Install mpiT using luarocks

git clone https://github.com/sixin-zh/mpiT
cd mpiT

For MPICH and MVAPICH

luarocks make mpit-mvapich-1.rockspec

For OPENMPI (differ in the .so to link)

luarocks make mpit-openmpi-1.rockspec

Test mpiT

mpirun -np 2 th test.lua

Test asyncsgd

cd asyncsgd

test Torch on CPU

th claunch.lua

test Torch on GPU

th glaunch.lua

test the bandwidth

mpirun -np 4 th ptest.lua 

the parallel mnist training using downpour or easgd on 6 CPUs and 6 GPUs

mpirun -np 12 th mlaunch.lua

Important updates:

  • Set usec default to be 0 in mpiT.co_wait to improve IO throughput.
  • Correct off-by-one error in pClient_init, thanks to Zheng Xu (xuzhustc@gmail.com).
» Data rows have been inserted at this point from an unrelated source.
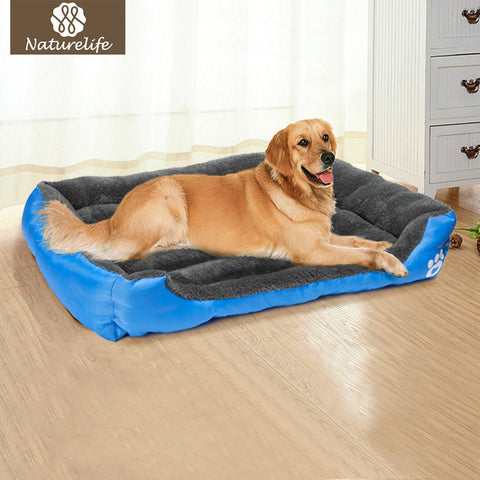 Pet Dog Bed Warming Dog House Soft Material Pet Nest Dog Fall and Winter Warm Nest Kennel For Cat Puppy Plus size Drop shipping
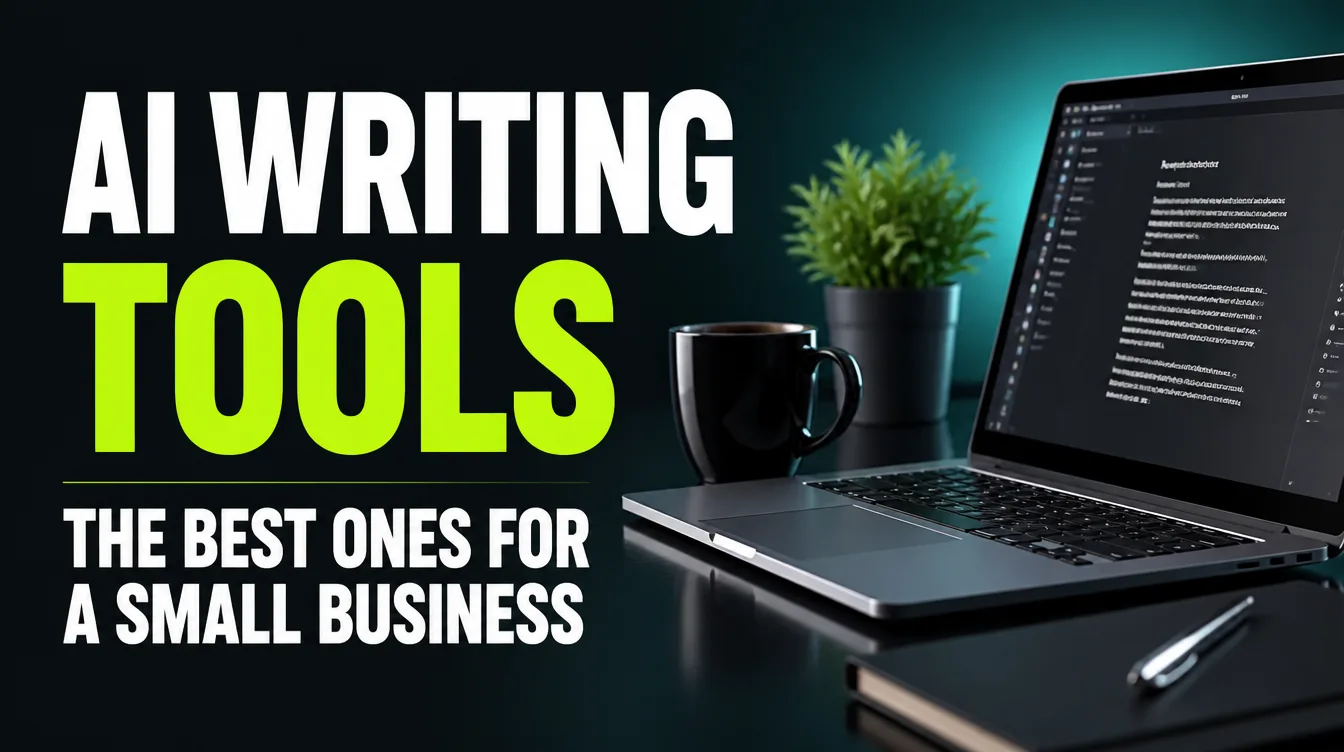 AI Writing Tools: The Best Ones for a Small Business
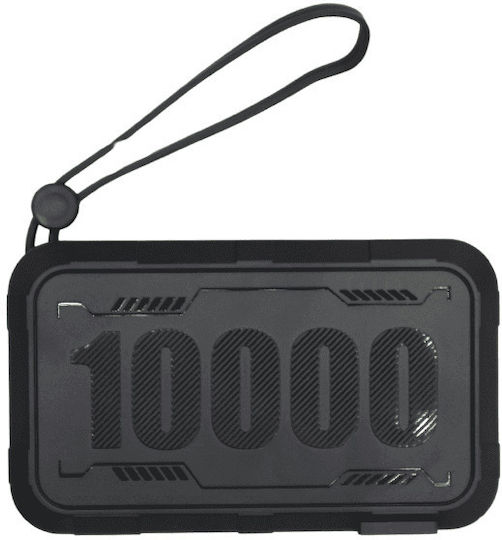 Blue Eagle Be-pbw-02 Power Bank 10000mah Black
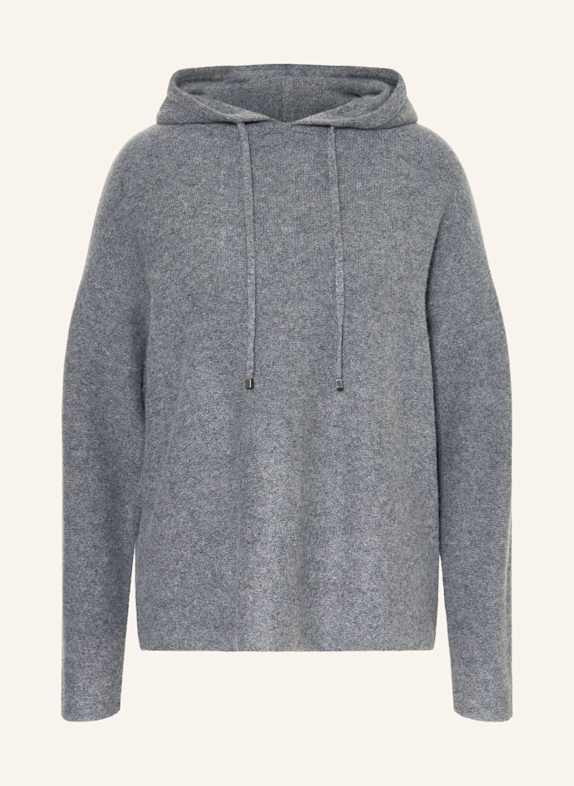 (THE MERCER) N.Y. Strick-Hoodie aus Cashmere GRAU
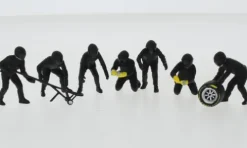 Figuren F1 Pit Crew, 1:43, American Diorama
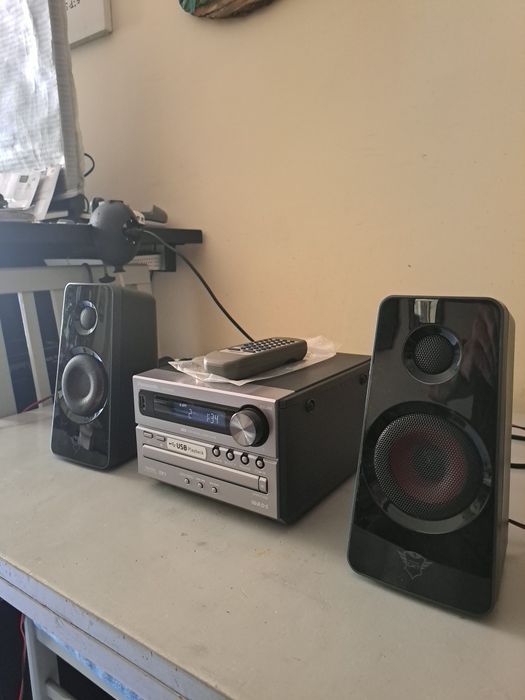 Panasonic SA-PM04 Microcadeia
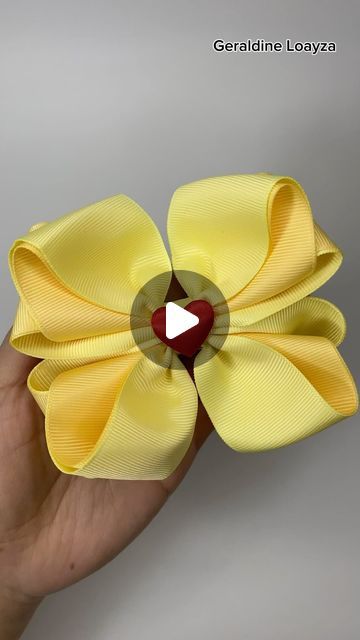 Hair Bows Tutorial, Hair Bow Instructions, Big Hair Bows, Hair Bow Tutorial, Mini Tutorial, Bow Tutorial, Girl Hair Bows, Diy Hair, Girls Hair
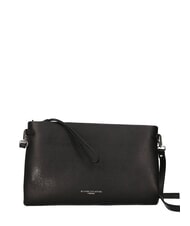GIANNI CHIARINI HERMY Pochette en cuir avec bandouli&egrave;re Noir - Sacs pour Femme - 1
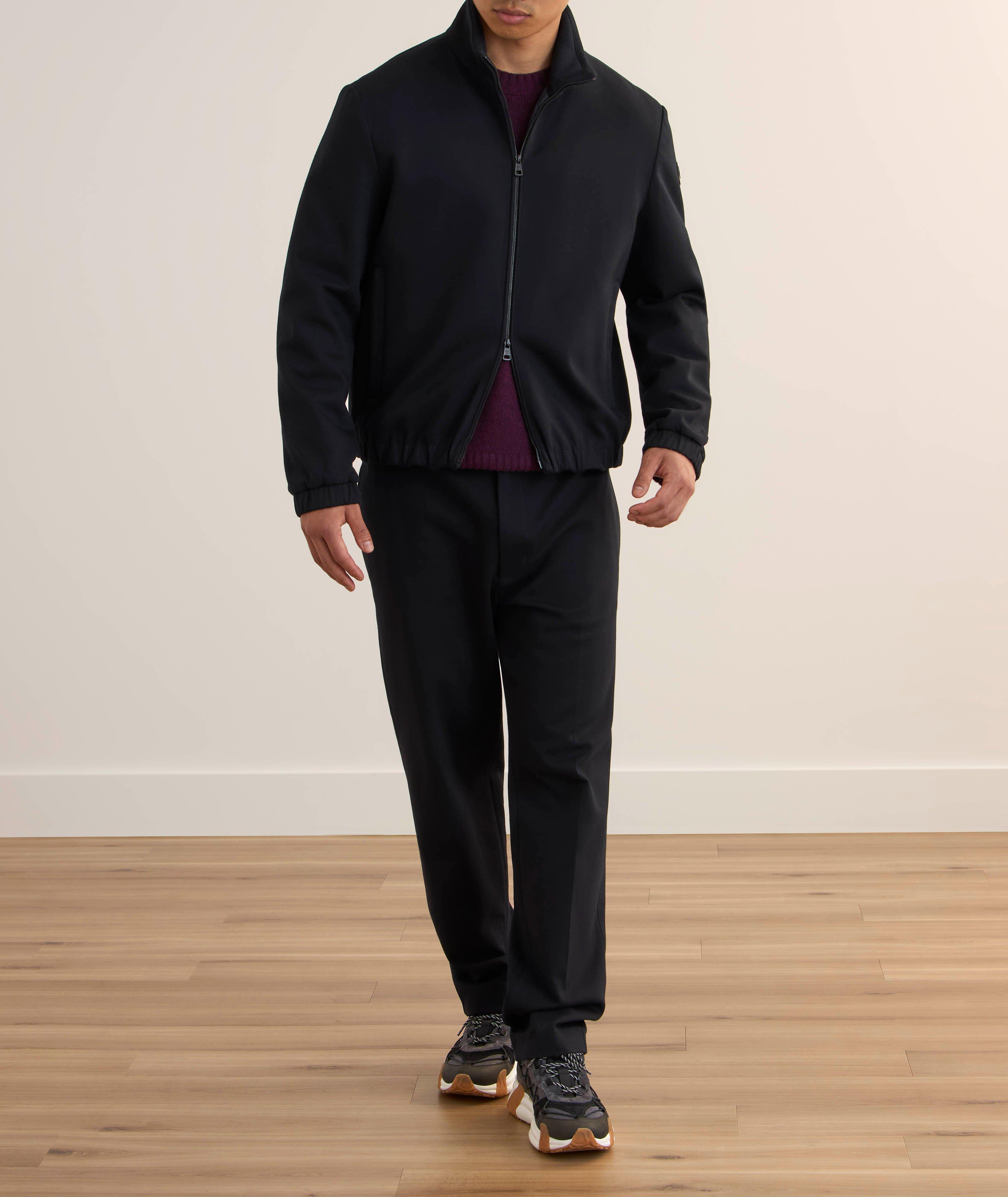 Simorre Cotton Jersey Jacket image 4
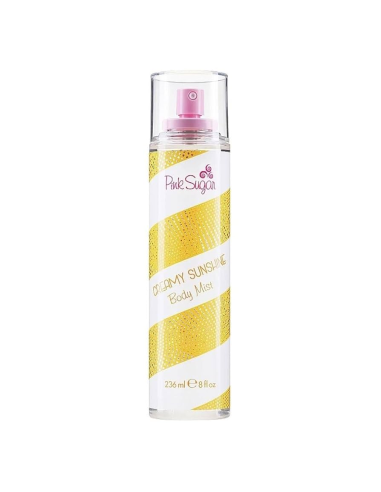 Body Mist Pink Sugar Creamy Sunshine 236 Ml de Aquolina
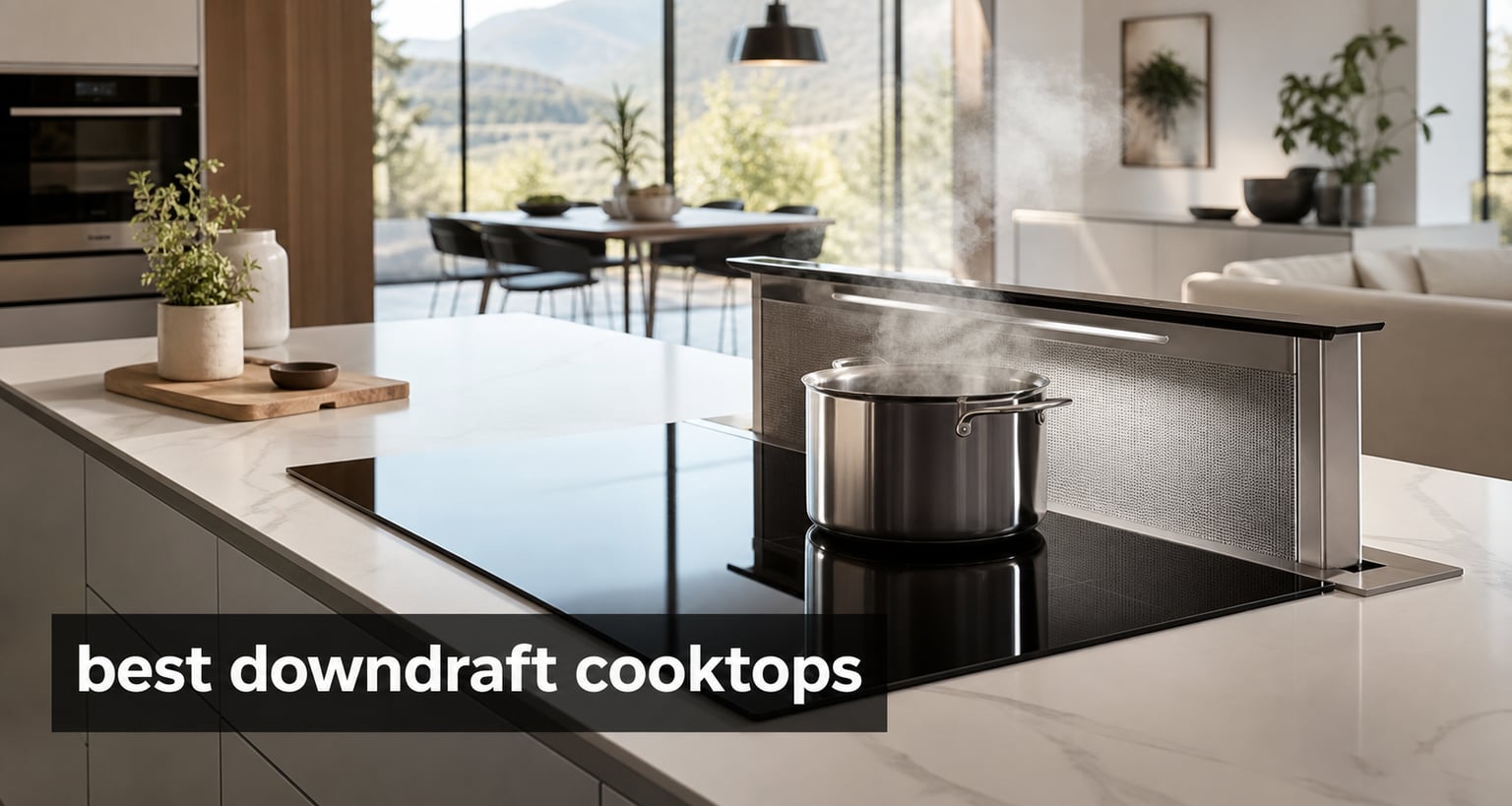 best downdraft cooktops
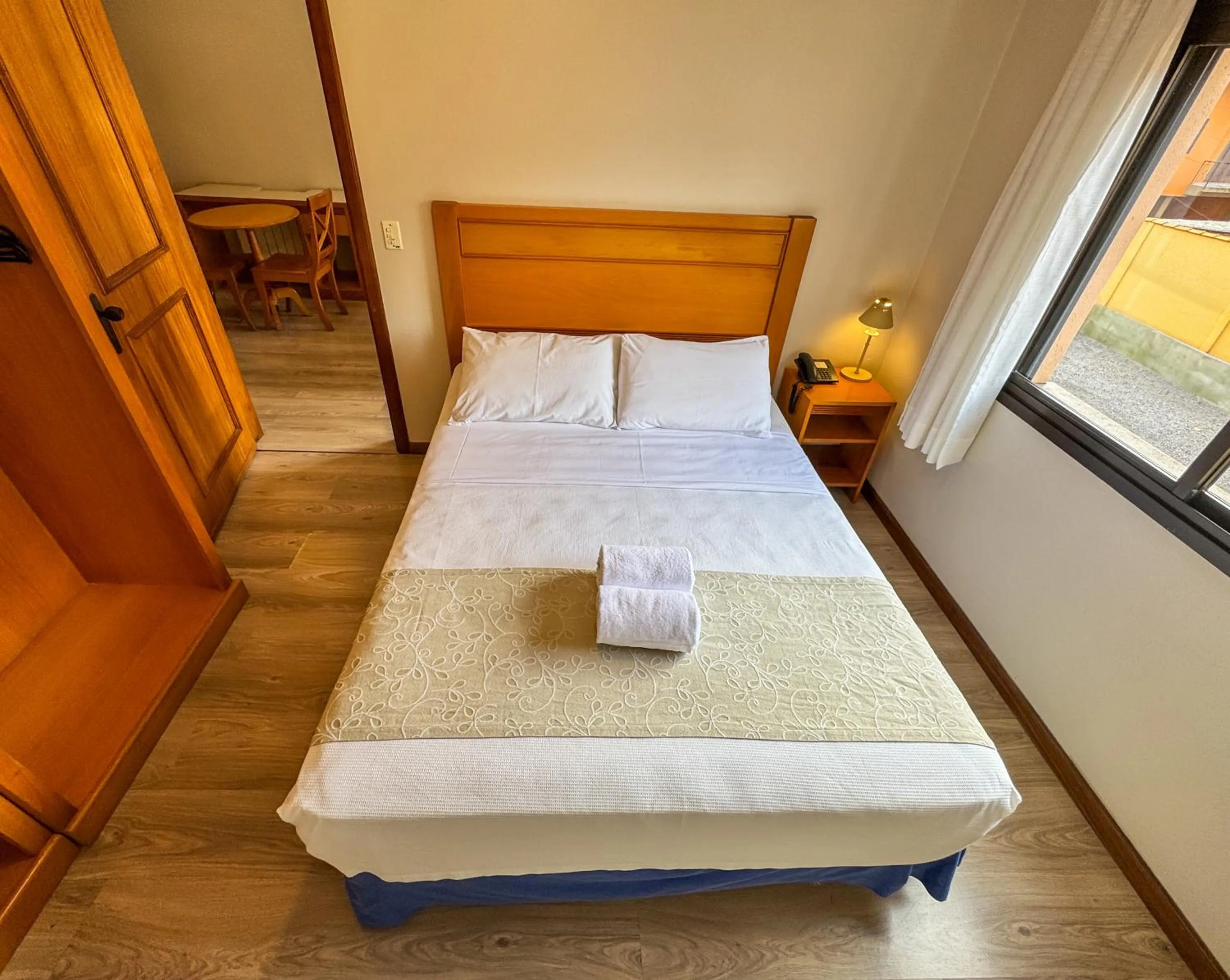 Bed in Hotel Tissiani Canela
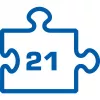 Σετ πολύγωνων κλειδιών Brilliant Tools BT011021
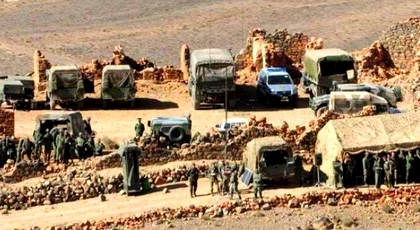 المغرب يستنفر الأجهزة العسكرية بالحدود مع الجزائر ويعتزم إحداث 10 مراكز متطورة للمراقبة لهذا السبب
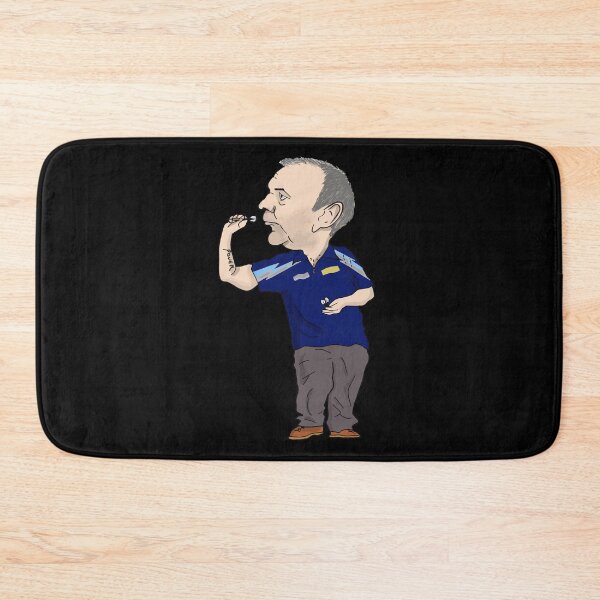 Item preview, Cartoon drawing of  Phil "the power" Taylor  designed and sold by FlawlessCheese.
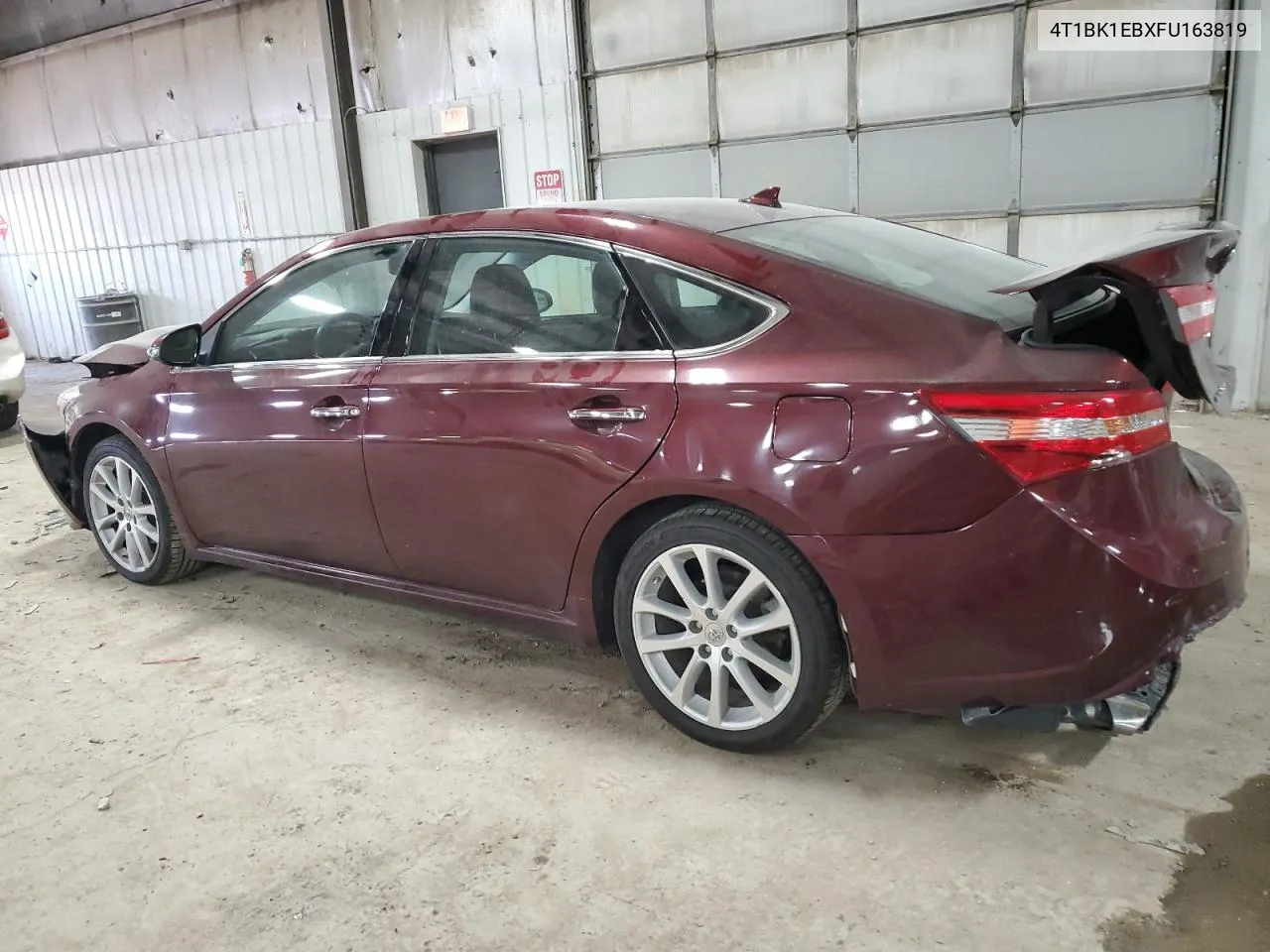 4T1BK1EBXFU163819 2015 Toyota Avalon Xle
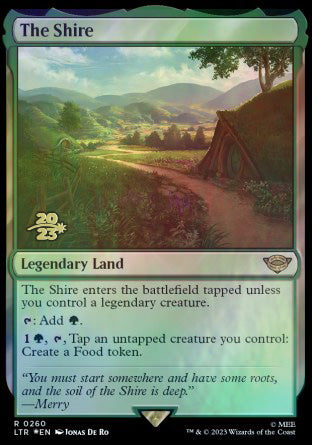 The Shire [The Lord of the Rings: Tales of Middle-Earth Prerelease Promos] | Game Master's Emporium (The New GME)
See #16.
  • BiCNN is supported by Minwei Feng (mfeng@us.ibm.com).
  • The implementation of msgd, downpour, easgd and eamsgd is added.
  • The starting offset in pclient.lua is set to 1 rather than 0, for current Torch7's support.
  • Use mpiT.Cancel to release the buffer ownership on io stop in mpiT.aio_read and mpiT.aio_recv.
  • To run mpiT with cuda support, configure and install MPI with cuda support and add MPI library path to environment variable LD_LIBRARY_PATH=${MPI_PREFIX}/lib:$LD_LIBRARY_PATH

Reference

Sixin Zhang, Anna Choromanska, Yann LeCun. Deep learning with Elastic Averaging SGD. In Neural Information Processing Systems, 2015

License

Releasing under an Apache-2.0 license.